Während Ariel Prospero aus Dankbarkeit dient, weil der Ex-Herzog ihn aus der Gefangenschaft der Hexe Sycorax befreite, hasst deren Sohn Caliban seinen Herrn und ist nur mit Gewalt und in Ketten zu bändigen. Glyn Connop spielt das primitive Zwitterwesen zwischen Mensch und Bestie mit Augenzwinkern und ebenso überzeugend wie den verzweifelten, aber immer noch würdevollen König Alonso - obwohl die Rollen konträrer kaum sein könnten.

Michael Armstrong wechselt zwischen jugendlichem Liebhaber und dem Hofnarren Trinculo, dessen alkoholschwangere Szene mit Caliban und dem Kellermeister Stephano (gespielt von Gareth Fordred, der auch als Antonio zu sehen ist) zu den lustigsten Minuten des Stückes gehört. Hier deutet Regisseur Phil Smith Shakespeares Hang zum Ordinären an, aber so dezent, dass sich das Publikum köstlich amüsiert - wie auch später, als die beiden ihrer Kleider beraubt im hautfarbenen String-Tanga über die Bühne hüpfen.

Intrigen spinnen nicht nur die Drei, die Prospero töten und Stephano zum König der Insel küren wollen, sondern auch Antonio und Sebastian (Jean-Paul Pfluger), die mehrfach versuchen, Alonso umzubringen. Doch Prospero ist den Intriganten dank Ariel stets einen Schritt voraus und verhindert die Vorhaben rechtzeitig. Merkwürdig vage bleibt das Ende. Der Konflikt zwischen den Brüdern Prospero und Antonio bleibt ungelöst und ungesühnt. War doch alles nur ein Traum? Oder reicht die Heirat von Miranda und Ferdinand aus für ein "Ende gut, alles gut"?

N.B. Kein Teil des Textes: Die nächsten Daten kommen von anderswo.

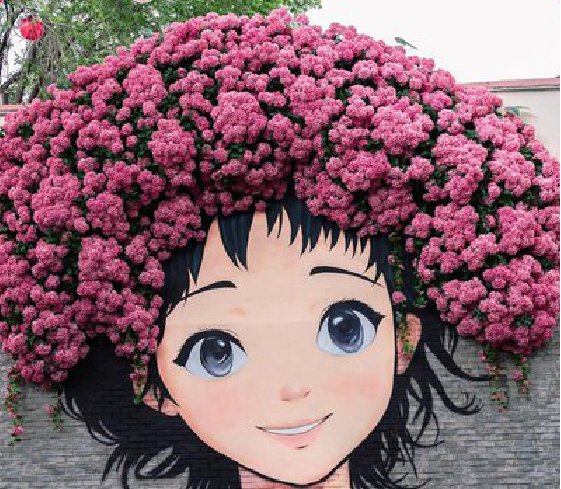 淮安墙体彩绘-网红墙打卡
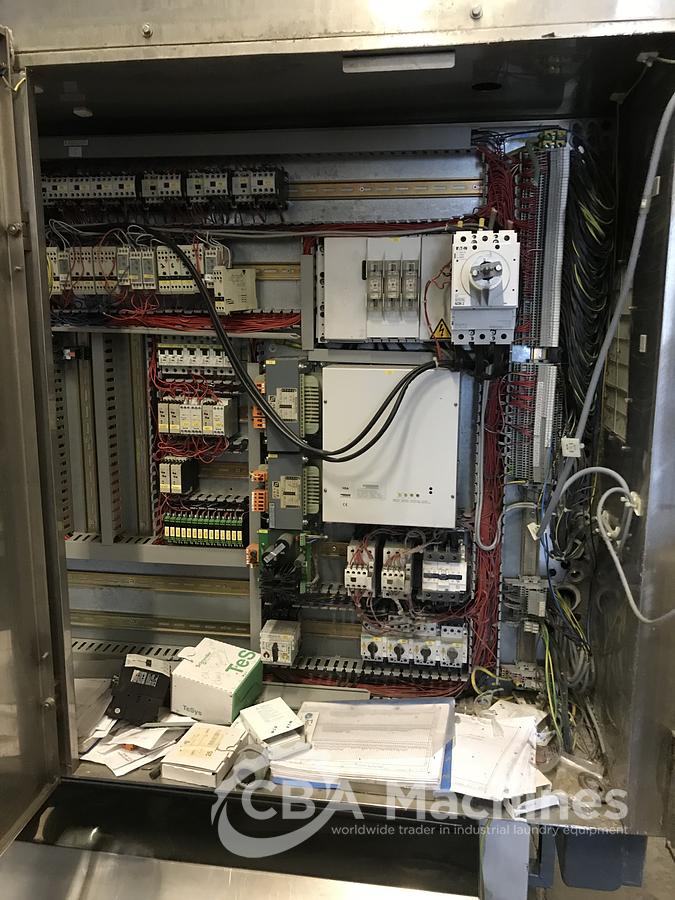 Usato 2000 Tunnel di lavaggio Lavatec 12x35 Center Transfer ( 443 )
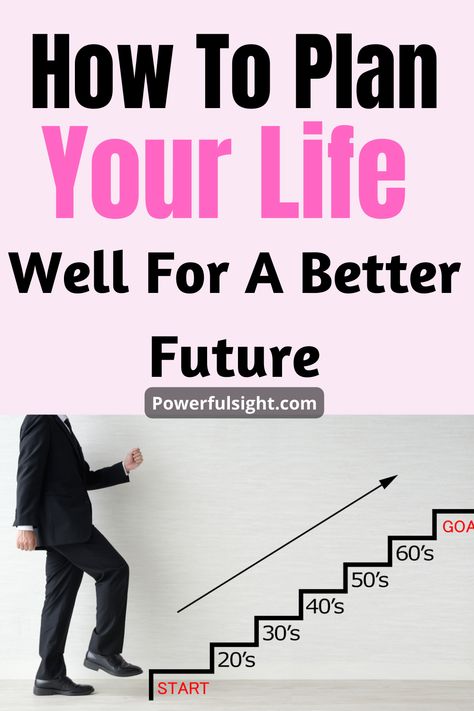 Are you thinking about how to improve your life? Here are tips on how to plan your life very well to be more productive and successful in life. How to set goals in life | life planning tips | life planning templates #lifeplanning #howtoplanyourlife #lifetips #goalsetting Plan Your Life, How To Be Productive, How To Set Goals, Goals In Life, Plan For Life, Life Planning, Short Term Goals, Good Time Management, Life Learning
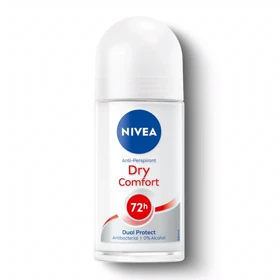 رول ضد تعریق زنانه نیوآ مدل Dry Comfort 72H حجم 50ml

So oder so ist es faszinierend The American Drama Group zu erleben, die mit Shakespeares vielschichtigem Werk begeistert, mitreißt und bezaubert. Und dabei mimisch so ausgereift spielt, dass es überhaupt kein Problem ist, nicht jedes einzelne englische Wort zu verstehen. Es hat sogar seinen eigenen Reiz, sich ganz der Rhythmik der gesprochenen und gesungenen Texte zu überlassen.